This article was written by Eamon Barrett and originally appeared on Fortune.com. Photography by Stefan Chow for Fortune.
How do you design a game for an audience that doesn’t exist yet? That’s a question Kiki Wolfkill, studio head of Halo Transmedia at 343 Industries, the production house responsible for the genre-defining Halo video game franchise, ponders regularly.
“What it means to design for an audience now and what it means to design for an audience 10 years from now is really about having a set of rules that people can engage with and buy into for years to come,” Wolfkill said at Fortune’s Brainstorm Design conference in Singapore on Tuesday.
Halo: Combat Evolved, the inaugural title of the Halo science fiction game series, launched on Microsoft’s Xbox in 2001. In the 18 years since Halo’s release—many lifetimes in a fast-moving industry—the franchise has sold more than 77 million copies.
The trick to staying relevant, generation after generation of players? Know your strengths—and follow the audience.
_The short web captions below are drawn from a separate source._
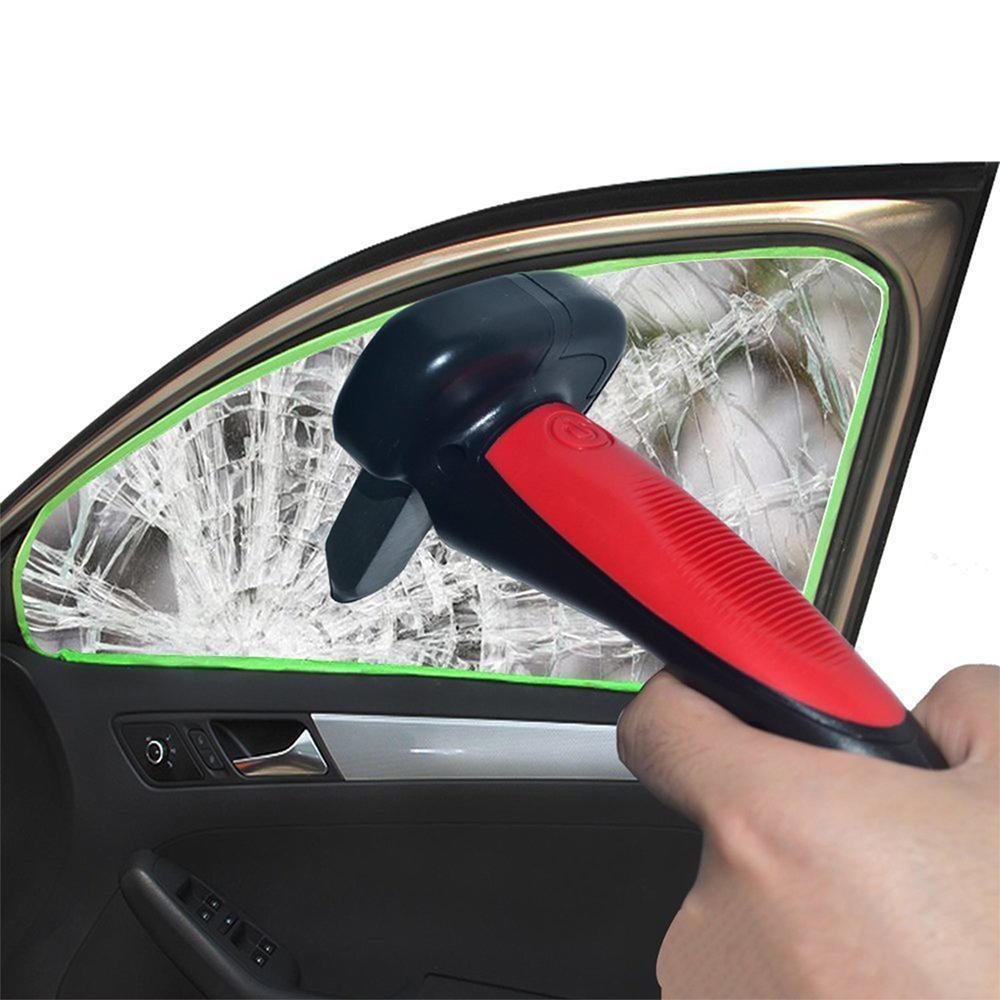Vehicle Safety Tool with Window Breaker Seatbelt Cutter LED Light Grip Handle for Emergency Escape Car Rescue Kit Seniors Elderly | Thomler
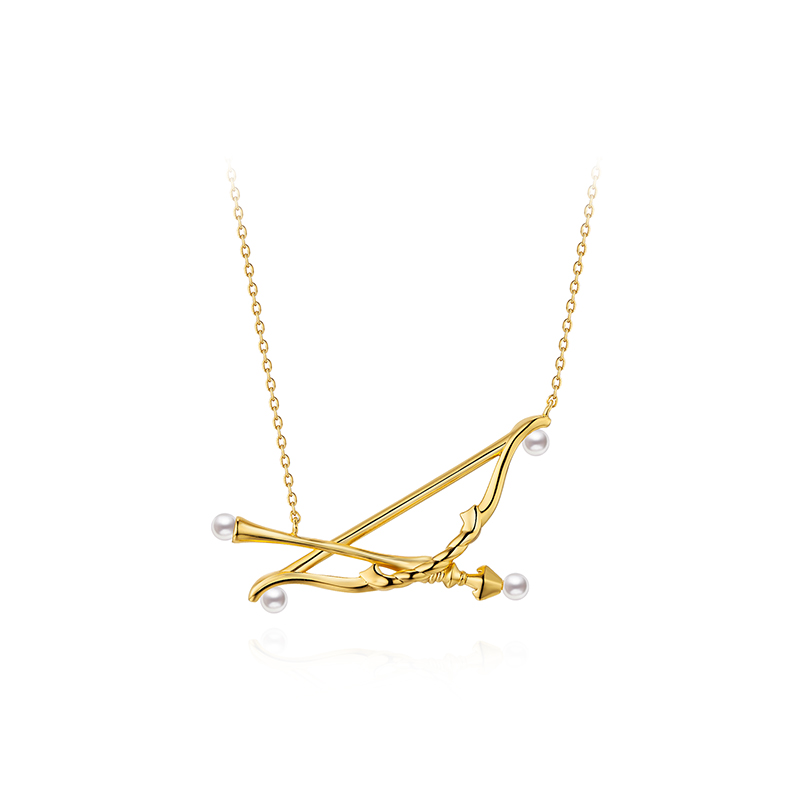项链•国潮系列 Bow pendant necklace 弓箭珍珠吊坠项链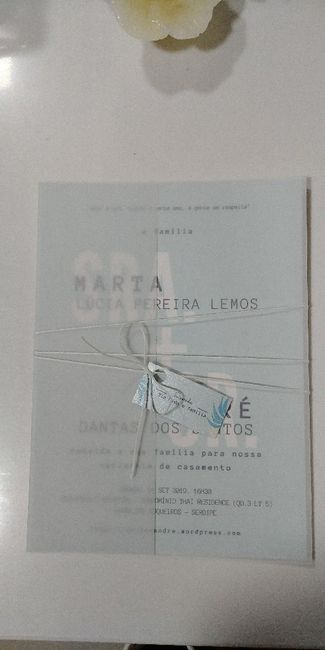 Confecção de convites - 1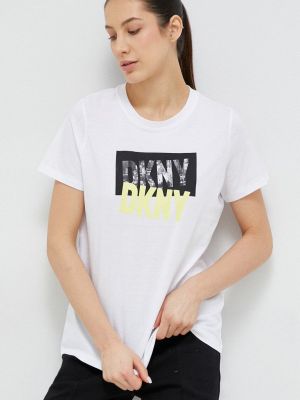 Dkny pamut póló fehér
“Halo is a universe,” Wolfkill said. “There are all sorts of experiences and stories that we tell around the game based on the idea of how to engage audiences differently, how to let people come into the world in a different way [through] a medium they’re most comfortable with.”
Gaming has become a multi-generational activity, Wolfkill said, and Halo is no exception. The game’s original fans have grown up in the years since Halo’s release and many of those early players have introduced their children to the game’s science-fiction universe. Welcoming this new audience is vital for Halo’s longevity and that requires developing new media channels to open access to the Halo universe, she said.
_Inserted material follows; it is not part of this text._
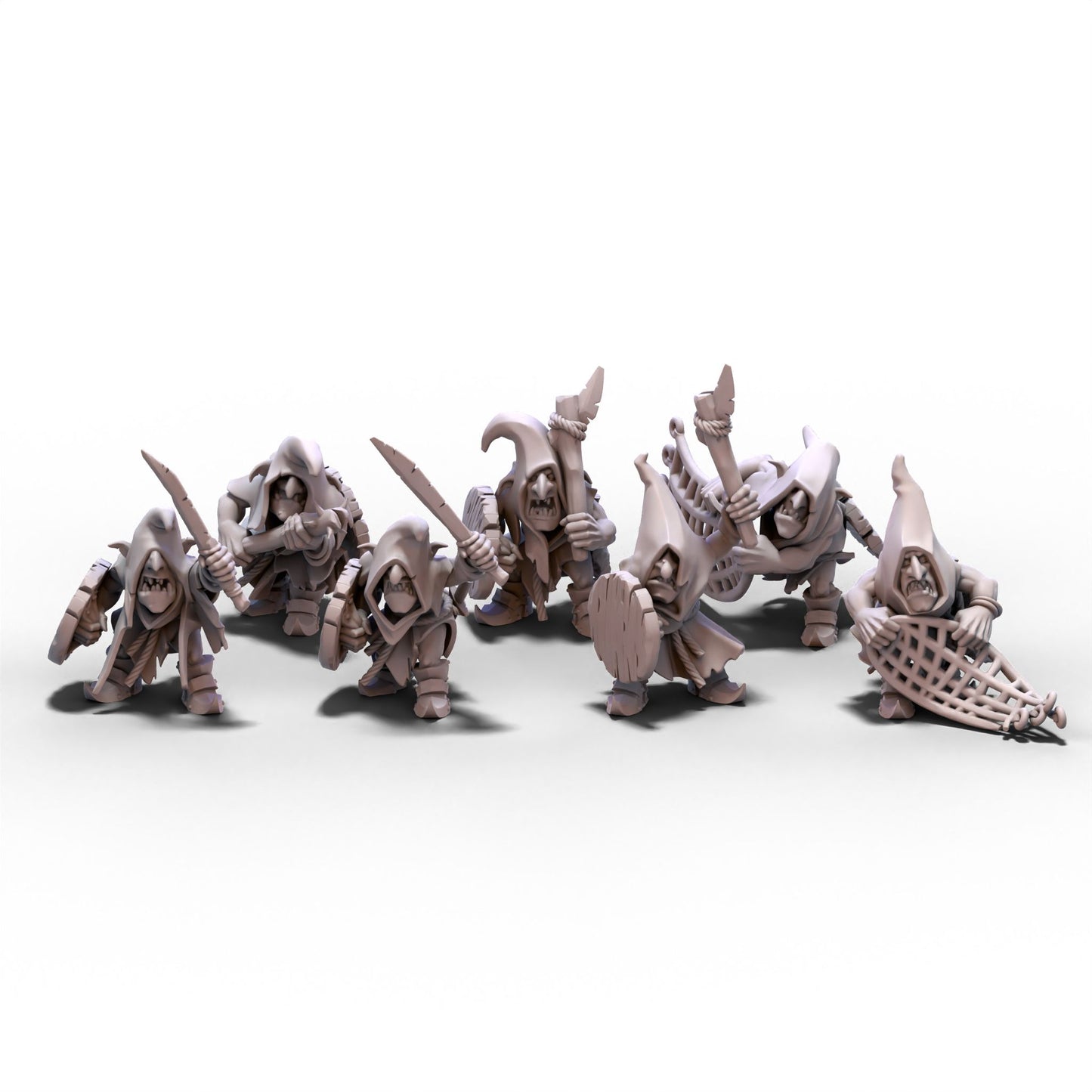 Goblin Tribes | Swamp Goblins with Hand Weapons | 28mm/32mm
Audiences can now engage with the Halo universe through books, films and, in the near future, television. A television series based on the Halo story is due to start production with the Showtime network later this year.
But minders of the franchise must be vigilant in an era where not only new games but new technologies are competing for the audience’s limited attention. “We have to be able to change content quickly,” Wolfkill said. “We can’t afford to wait three years every time we drop a new product and have it be a black box because the games kids are playing are changing every week.”
Besides, there are new storytelling mechanisms to embrace. “Augmented reality and virtual reality are very interesting from a creative perspective,” Wolfkill says. “Being able to bring a player into your universe and having them interact with your story in a very tangible, intimate way is, creatively, really exciting.”